Some of you may have read my letter to the editor, regarding the stress (me out) test and CREA’s advocacy efforts to change it. It received some commentary from across the country, including some directly to my email.
The opinions of the commenters ran roughly like this – a third thought that the Liberals are idiots, a third thought that CREA are idiots and a third thought I am an idiot. There were no wrong answers. A small portion also thought that their clients are idiots, which may be true, but I don’t think it is really relevant.
To their credit, CREA contacted me the very same day by phone to outline their efforts to affect this policy (and others) and to outline the difficulties CREA has, in general, lobbying the Feds. I can believe it. I urged the very engaged and erstwhile young woman on the phone to have CREA respond to my letter, outlining and merchandising their efforts (even if as yet unsuccessful), because in a tough year, most of us mere members would take comfort in knowing that CREA had our backs, hadn’t forgotten about the rank and file who fund them and were taking the lead.
Sadly, she felt that doing so would probably a) attract criticism – which I can believe and b) jeopardize CREA’s sensitive lobbying efforts, as negotiations with the federal bureaucracy might be derailed if CREA tried to advocate in the press and thereby ticked them off.
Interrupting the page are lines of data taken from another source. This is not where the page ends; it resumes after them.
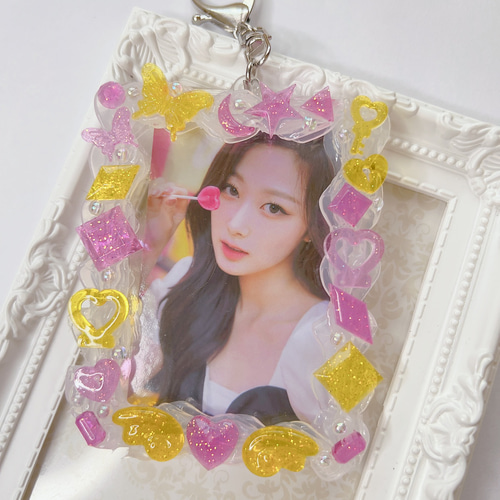 フォトインキーホルダー円形推し活ブルーホイップデコキーホルダー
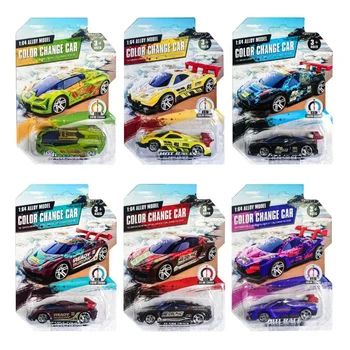Magisches farbwechselndes Rennwagenmodell 1:64 Temperaturempfindliche Trägheit Zurückziehen Autos Spielzeug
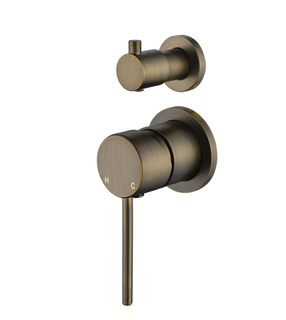 Star Mini Antique Brass 35mm Small Backplate Shower Divertor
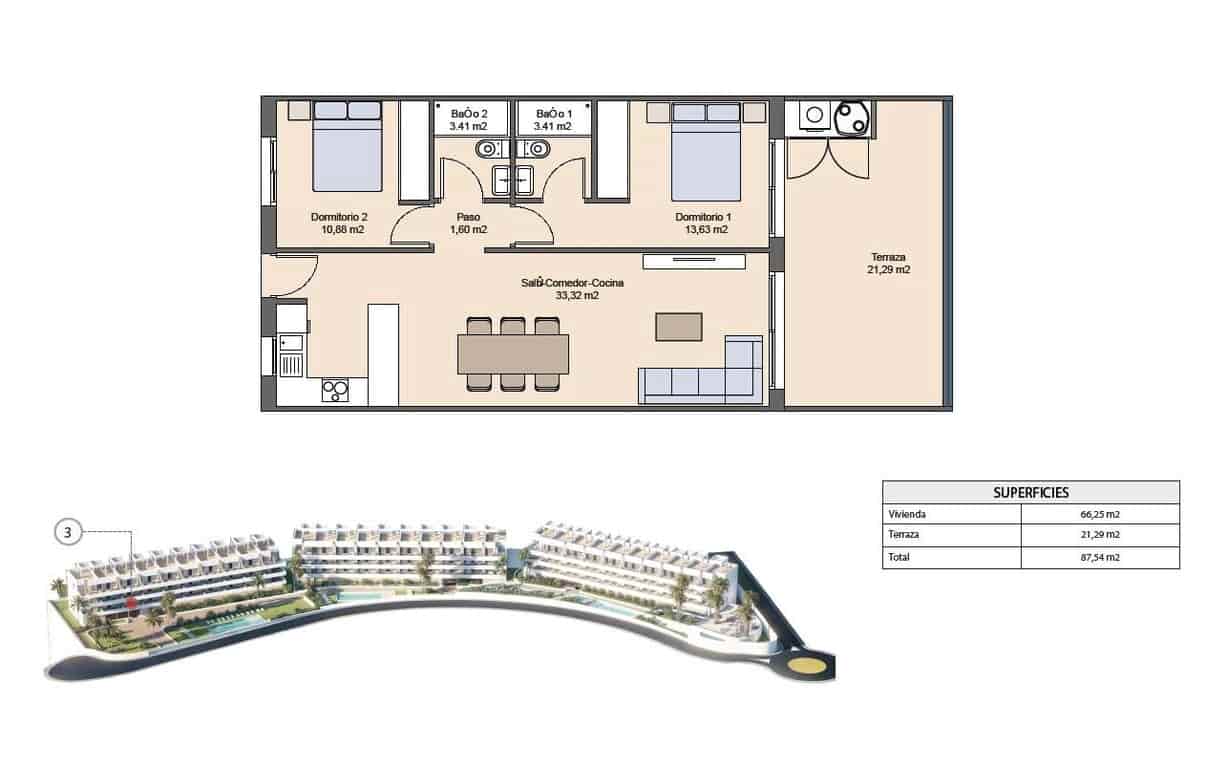 2 makuuhuone Huoneisto myytävänä paikassa Finestrat mukana uima-altaan - 309 900 € (Ref: 9816139)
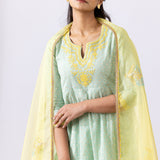 Sea Green Dori Embroidery Chanderi Anarkali Churidar Set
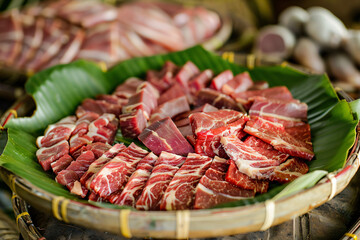 Close up of raw meat in a bamboo basket.
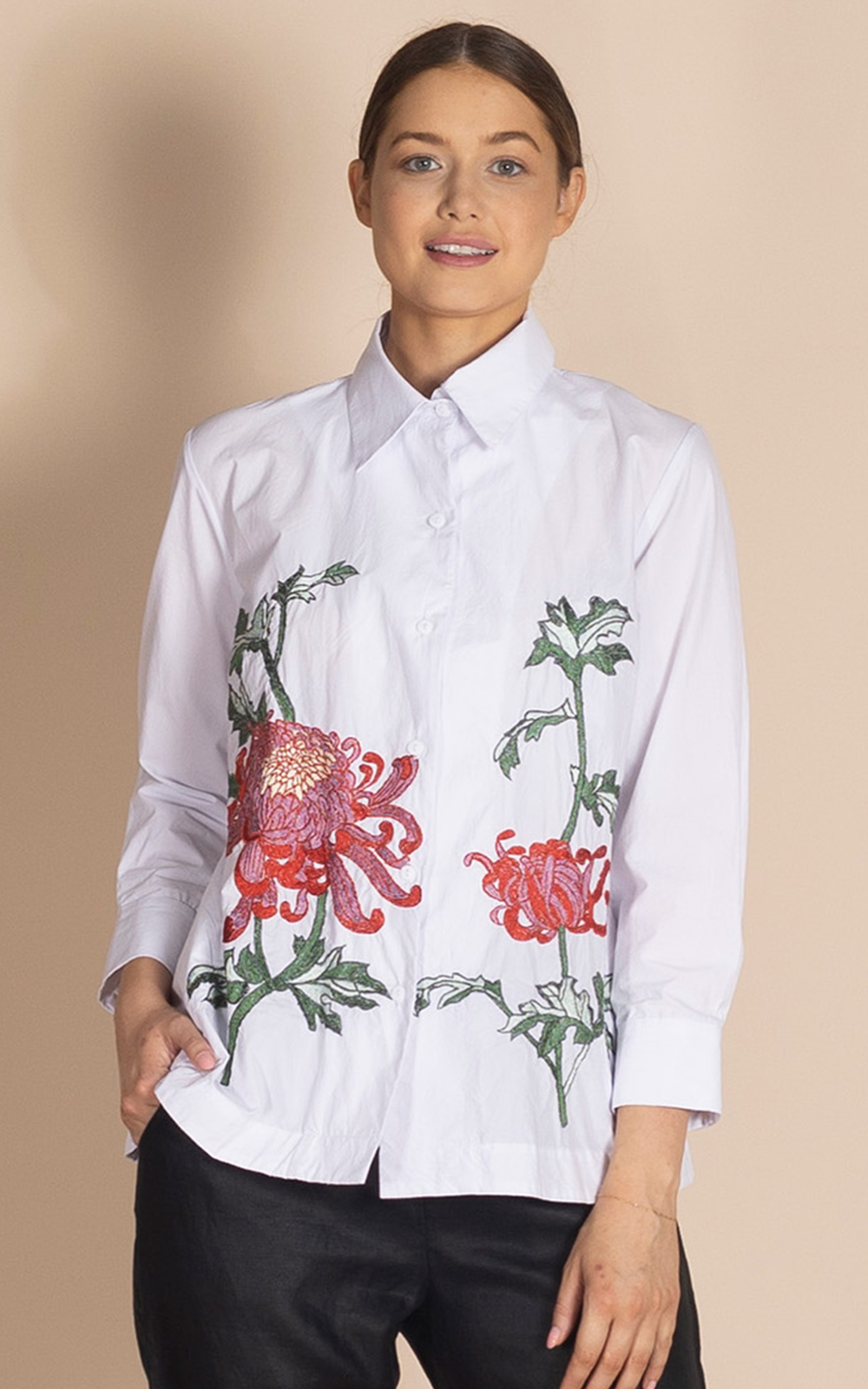 Chrysanthemum Emboidered Trapeze Shirt – Zebrano | Designer Clothing NZ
So, absent a response from CREA, it apparently falls to me to continue this one-sided discussion (a talent I am almost famous for). During our call, my caller enthusiastically outlined PAC days on the Hill, and CREA’s focus on individual members in all federal ridings advocating with their various MPs, especially those Liberal MPs who sit in the caucus of the (currently) governing party. I pointed out that in Alberta, a major obstacle would be electing a member of the Liberal party to lobby. (Okay, so there are two or three, but that is hardly a healthy breeding population.)
But I then asked myself – why should we bother? Our industry has been hosting cocktail receptions for politicians at all levels of government for decades – and what do we actually have to show for it, except a large bar tab? Maybe it’s time to accept the fact that we Realtors just aren’t very good at doing this. How well did it work with the TREB vs Competition Bureau saga? Or the FINTRAC review, where CREA didn’t even make a submission that I’m aware of, to the Senate sub-committee (while lawyers and insurers and bankers surely did). And now, our less than impressive impact on the federal mindset regarding the mortgage qualification process. My caller seemed to indicate that CREA is dealing at the staff/bureaucracy, not the legislative level in their advocacy efforts on this issue – which it seems to me is a lot like not being able to get past the receptionist.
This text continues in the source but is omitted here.